Materials provided below:

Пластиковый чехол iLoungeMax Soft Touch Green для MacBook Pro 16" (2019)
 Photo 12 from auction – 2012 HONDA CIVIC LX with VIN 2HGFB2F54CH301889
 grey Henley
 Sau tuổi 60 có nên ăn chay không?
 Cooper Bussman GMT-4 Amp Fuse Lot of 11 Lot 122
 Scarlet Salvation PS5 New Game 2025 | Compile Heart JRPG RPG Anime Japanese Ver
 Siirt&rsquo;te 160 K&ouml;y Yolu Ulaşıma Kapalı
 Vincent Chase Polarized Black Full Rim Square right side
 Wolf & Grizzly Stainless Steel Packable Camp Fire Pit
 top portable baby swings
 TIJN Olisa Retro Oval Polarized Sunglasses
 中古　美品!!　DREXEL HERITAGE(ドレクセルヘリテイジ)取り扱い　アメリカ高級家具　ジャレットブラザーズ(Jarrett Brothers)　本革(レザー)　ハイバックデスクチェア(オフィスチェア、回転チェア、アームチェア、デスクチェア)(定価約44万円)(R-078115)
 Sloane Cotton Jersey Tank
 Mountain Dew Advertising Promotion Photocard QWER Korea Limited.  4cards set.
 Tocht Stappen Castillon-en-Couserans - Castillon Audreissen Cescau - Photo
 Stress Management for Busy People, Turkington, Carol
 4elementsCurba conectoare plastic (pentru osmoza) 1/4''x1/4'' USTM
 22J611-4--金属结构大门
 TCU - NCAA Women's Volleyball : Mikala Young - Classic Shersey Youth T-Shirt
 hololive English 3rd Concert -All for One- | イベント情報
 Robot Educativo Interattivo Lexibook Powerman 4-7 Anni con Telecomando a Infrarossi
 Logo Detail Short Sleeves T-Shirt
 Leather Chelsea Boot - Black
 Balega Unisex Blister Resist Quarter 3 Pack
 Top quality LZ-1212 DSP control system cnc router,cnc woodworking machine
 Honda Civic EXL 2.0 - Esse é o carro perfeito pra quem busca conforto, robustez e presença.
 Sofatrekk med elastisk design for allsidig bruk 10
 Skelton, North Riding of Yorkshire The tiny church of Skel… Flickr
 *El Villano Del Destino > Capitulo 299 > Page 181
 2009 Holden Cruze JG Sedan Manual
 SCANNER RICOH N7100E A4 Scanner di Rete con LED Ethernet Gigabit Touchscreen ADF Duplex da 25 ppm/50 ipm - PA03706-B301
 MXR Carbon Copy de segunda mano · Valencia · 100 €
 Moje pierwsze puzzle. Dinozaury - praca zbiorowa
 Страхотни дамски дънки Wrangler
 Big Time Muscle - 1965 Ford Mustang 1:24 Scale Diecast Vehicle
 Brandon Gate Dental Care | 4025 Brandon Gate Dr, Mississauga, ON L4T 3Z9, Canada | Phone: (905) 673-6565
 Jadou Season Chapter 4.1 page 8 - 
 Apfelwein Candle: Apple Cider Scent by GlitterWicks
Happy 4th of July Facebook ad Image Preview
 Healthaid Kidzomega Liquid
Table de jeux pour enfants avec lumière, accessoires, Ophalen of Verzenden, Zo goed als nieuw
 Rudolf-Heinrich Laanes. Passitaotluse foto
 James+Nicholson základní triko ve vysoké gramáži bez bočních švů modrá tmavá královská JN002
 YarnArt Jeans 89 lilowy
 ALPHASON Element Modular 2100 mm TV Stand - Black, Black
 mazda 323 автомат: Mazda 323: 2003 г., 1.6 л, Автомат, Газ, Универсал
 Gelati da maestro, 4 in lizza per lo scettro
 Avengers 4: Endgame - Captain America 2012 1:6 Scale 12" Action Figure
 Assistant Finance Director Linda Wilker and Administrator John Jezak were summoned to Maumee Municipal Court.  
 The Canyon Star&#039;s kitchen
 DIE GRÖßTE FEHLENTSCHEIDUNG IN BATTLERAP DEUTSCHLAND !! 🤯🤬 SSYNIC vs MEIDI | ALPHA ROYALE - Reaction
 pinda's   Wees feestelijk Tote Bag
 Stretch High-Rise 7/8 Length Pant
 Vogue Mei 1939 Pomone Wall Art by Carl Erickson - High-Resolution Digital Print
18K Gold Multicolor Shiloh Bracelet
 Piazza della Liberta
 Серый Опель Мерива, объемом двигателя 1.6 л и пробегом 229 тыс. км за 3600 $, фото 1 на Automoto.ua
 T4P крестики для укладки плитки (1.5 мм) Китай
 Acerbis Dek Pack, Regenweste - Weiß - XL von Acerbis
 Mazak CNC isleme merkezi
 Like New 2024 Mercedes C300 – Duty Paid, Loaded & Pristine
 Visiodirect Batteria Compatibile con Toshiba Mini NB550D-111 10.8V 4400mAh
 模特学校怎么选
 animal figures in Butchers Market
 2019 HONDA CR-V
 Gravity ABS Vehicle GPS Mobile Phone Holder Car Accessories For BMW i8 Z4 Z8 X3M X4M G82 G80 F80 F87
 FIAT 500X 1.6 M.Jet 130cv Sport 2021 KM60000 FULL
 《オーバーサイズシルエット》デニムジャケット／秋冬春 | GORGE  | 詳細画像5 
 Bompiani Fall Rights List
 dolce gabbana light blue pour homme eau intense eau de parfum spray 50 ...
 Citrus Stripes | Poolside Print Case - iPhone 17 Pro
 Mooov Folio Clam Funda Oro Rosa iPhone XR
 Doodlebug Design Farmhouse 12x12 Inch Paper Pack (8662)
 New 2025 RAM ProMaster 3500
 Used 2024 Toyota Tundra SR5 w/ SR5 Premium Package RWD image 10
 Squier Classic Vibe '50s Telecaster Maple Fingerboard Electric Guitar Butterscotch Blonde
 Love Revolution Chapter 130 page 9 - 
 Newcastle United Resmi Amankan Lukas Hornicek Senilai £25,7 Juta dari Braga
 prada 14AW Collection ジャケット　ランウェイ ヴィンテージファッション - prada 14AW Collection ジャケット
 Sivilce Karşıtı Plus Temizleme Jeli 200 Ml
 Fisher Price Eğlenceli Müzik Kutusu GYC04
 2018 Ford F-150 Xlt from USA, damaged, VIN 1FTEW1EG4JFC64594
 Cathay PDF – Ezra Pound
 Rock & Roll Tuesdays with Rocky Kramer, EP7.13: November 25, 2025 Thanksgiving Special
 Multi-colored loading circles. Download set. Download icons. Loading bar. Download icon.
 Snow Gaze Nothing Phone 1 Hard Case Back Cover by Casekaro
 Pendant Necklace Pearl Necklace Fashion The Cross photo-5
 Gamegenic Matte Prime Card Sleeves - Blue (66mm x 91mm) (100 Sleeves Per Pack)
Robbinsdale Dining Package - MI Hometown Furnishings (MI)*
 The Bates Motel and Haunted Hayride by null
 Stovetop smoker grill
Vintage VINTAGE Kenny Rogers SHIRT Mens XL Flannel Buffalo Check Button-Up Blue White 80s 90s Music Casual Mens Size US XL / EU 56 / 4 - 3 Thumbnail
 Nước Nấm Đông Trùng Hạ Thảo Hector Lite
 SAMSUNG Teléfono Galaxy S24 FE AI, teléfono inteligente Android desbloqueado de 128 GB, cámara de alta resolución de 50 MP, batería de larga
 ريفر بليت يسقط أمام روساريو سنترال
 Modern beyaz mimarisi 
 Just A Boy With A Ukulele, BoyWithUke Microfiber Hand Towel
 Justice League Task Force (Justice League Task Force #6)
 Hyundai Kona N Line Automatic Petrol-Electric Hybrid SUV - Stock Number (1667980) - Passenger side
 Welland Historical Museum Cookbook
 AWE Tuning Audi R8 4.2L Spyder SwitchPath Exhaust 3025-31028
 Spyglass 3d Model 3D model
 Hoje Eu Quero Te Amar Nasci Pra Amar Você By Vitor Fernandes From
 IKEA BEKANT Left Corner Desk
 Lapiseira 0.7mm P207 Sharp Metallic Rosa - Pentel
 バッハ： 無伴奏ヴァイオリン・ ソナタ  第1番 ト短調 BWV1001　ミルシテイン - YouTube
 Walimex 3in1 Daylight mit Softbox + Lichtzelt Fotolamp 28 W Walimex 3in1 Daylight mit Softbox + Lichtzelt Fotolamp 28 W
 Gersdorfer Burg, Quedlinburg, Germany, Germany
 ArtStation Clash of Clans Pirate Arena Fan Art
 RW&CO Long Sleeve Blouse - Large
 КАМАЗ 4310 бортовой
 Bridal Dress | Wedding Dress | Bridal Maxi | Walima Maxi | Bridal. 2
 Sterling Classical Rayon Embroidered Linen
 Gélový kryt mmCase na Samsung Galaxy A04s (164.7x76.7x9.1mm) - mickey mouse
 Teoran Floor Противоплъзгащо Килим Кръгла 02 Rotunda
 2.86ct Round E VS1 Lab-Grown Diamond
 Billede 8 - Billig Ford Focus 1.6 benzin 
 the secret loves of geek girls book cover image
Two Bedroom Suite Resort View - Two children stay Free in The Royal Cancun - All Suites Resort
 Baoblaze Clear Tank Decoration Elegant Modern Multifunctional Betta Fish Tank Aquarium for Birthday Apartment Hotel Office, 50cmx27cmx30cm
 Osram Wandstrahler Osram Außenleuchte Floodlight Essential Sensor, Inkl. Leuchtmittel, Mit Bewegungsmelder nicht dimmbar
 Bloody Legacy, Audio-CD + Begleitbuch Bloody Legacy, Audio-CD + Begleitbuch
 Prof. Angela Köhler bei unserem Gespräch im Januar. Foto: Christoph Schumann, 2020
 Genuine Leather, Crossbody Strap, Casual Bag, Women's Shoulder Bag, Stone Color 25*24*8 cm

End of Materials provided.

Extract every line from the one containing "Two Bedroom Suite" to the end of the entries, including both of those lines, exactly as given and with nothing added.

→ Response
Two Bedroom Suite Resort View - Two children stay Free in The Royal Cancun - All Suites Resort
 Baoblaze Clear Tank Decoration Elegant Modern Multifunctional Betta Fish Tank Aquarium for Birthday Apartment Hotel Office, 50cmx27cmx30cm
 Osram Wandstrahler Osram Außenleuchte Floodlight Essential Sensor, Inkl. Leuchtmittel, Mit Bewegungsmelder nicht dimmbar
 Bloody Legacy, Audio-CD + Begleitbuch Bloody Legacy, Audio-CD + Begleitbuch
 Prof. Angela Köhler bei unserem Gespräch im Januar. Foto: Christoph Schumann, 2020
 Genuine Leather, Crossbody Strap, Casual Bag, Women's Shoulder Bag, Stone Color 25*24*8 cm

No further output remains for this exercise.